501(c)(4) Rules: The law required 501(c)(4) organizations to disclose all of their donors in public filings with the state when they spend over $10,000 in a calendar year on communications to at least 500 members of the public concerning the position of any elected official on potential or pending legislation.

501(c)(3) Rules: The law also required 501(c)(3) charitable organizations to disclose donors of $2,500 or more if the charitable organization made an in-kind donation of more than $2,500 to a Section 501(c)(4) organization engaged in lobbying in New York.

Several groups quickly filed suit challenging these provisions in federal court. The court temporarily blocked enforcement of the provisions while the case proceeded. After a two-and-a-half-year battle, the court invalidated both provisions on First Amendment grounds, concluding that they impermissibly burdened donors’ rights to free speech, association, and privacy. While the court acknowledged that the state has authority to regulate “electioneering communications” that refer to a clearly identified candidate and are disseminated in a defined period before an election, the court concluded that the state lacks authority to “regulate issue advocacy untethered to any electioneering communication.” In addition, the Court found that the connection between the identity of Section 501(c)(3) donors and lobbying communications by Section 501(c)(4) organizations was “too attenuated to effectively advance any informational interest” the state might have, especially given that Section 501(c)(3) organizations are prohibited by federal law from engaging in partisan electoral activity and are subject to limits on lobbying.

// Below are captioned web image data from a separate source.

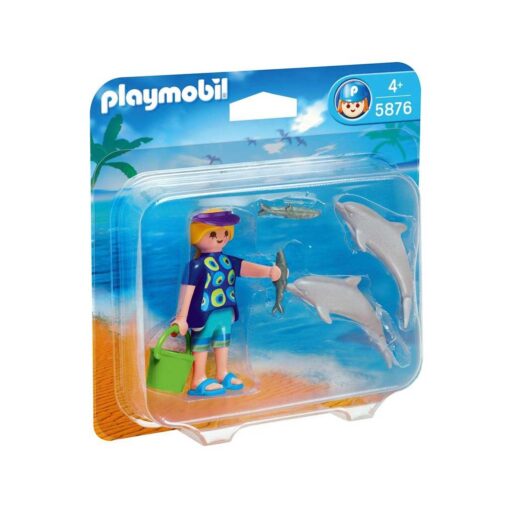Entrenadora de delfines Playmobil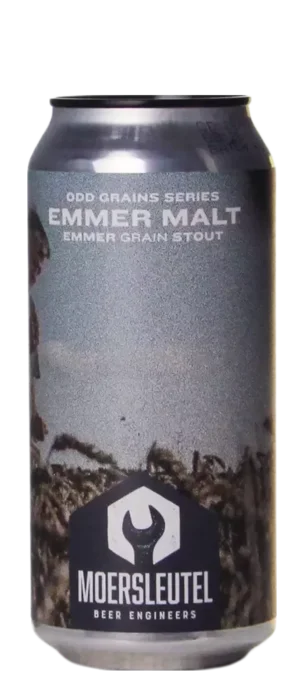 De Moersleutel Odd Grains Emmer Malt 44 Stout Bier kopen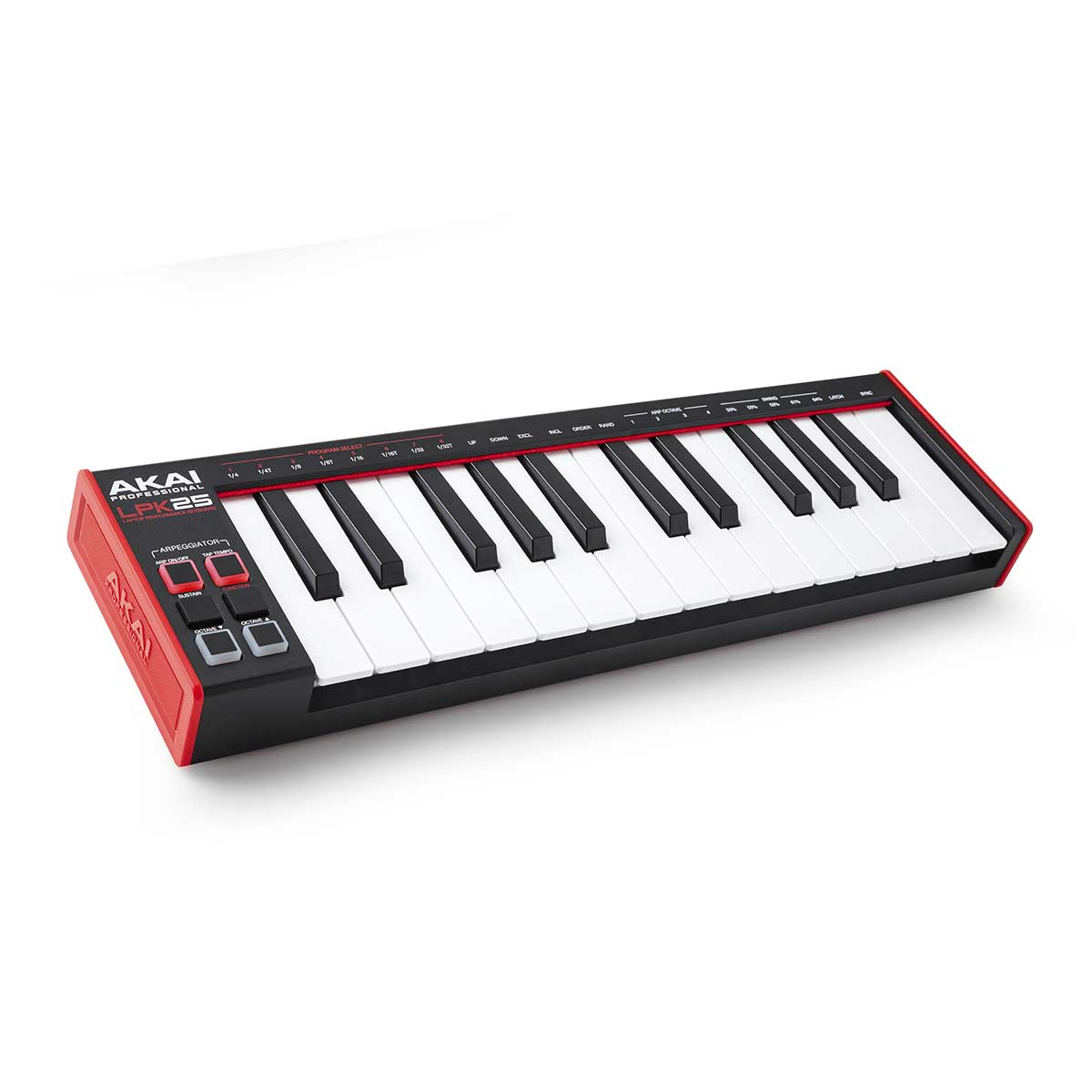 Akai Professional LPK25 MK2 25-Key Portable MIDI Controller with Arpeggiator and Built-In Clock — view 2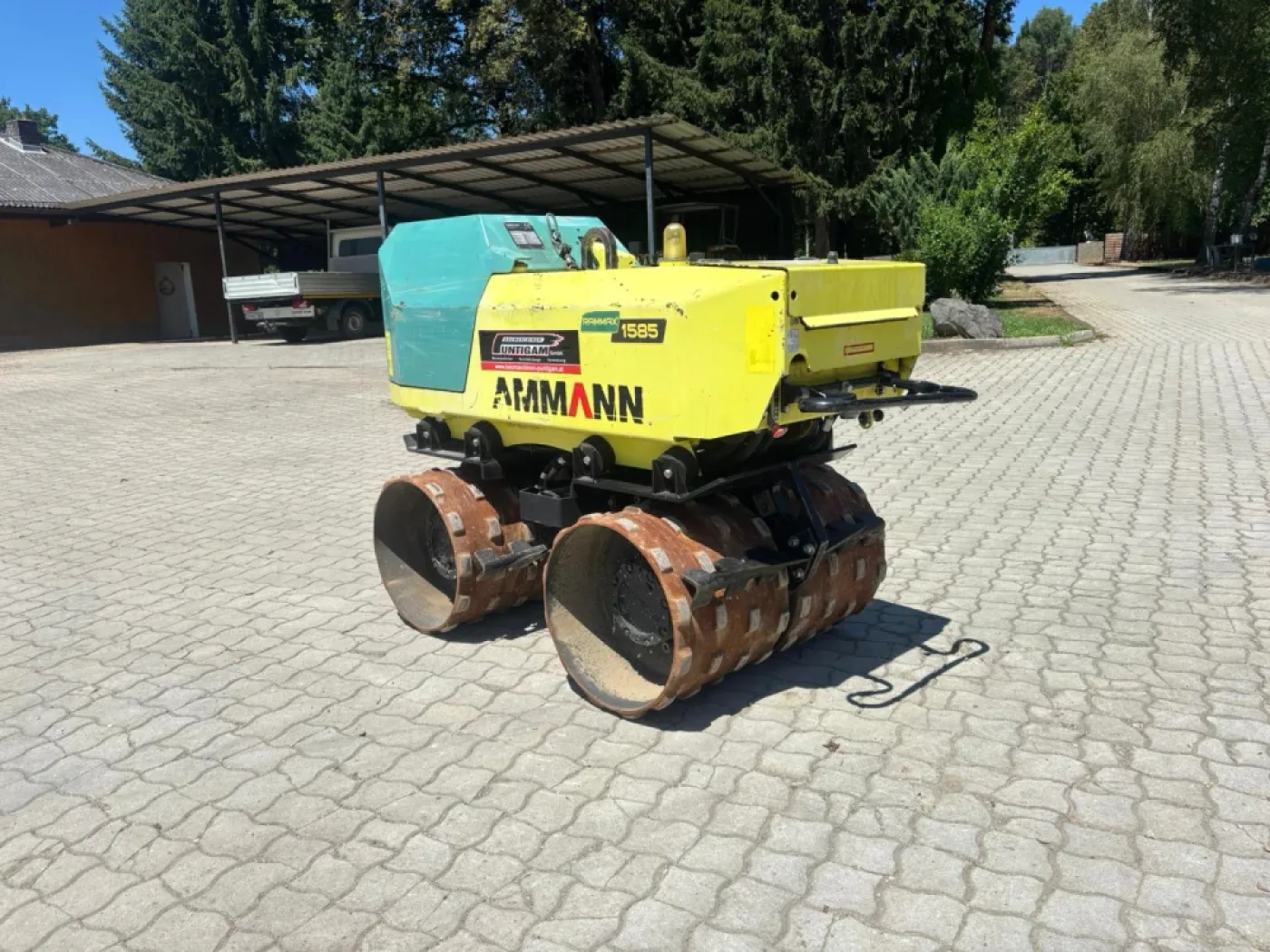 Ammann - Rammax 1585 - 7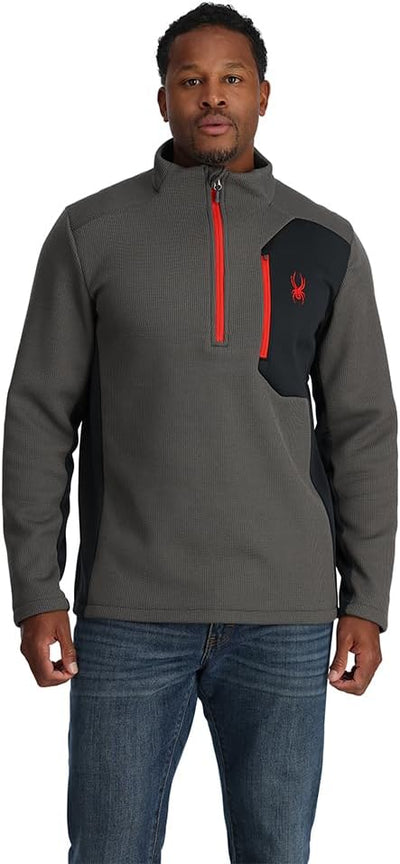 Spyder 38A485330 Bandit Zip Fleece Ski Jacket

Had the court upheld the law, these sweeping provisions would have had profound consequences for fundraising and issue advocacy by nonprofits operating in New York. The government is considering whether it will appeal the District Court’s decision. In the meantime, these provisions of New York’s lobbying law are invalid and are no longer enforceable.

The order and opinion were issued in Citizens Union of the City of New York v. Att’y Gen. of New York, No. 16cv9592 (S.D.N.Y. Sept. 30, 2019).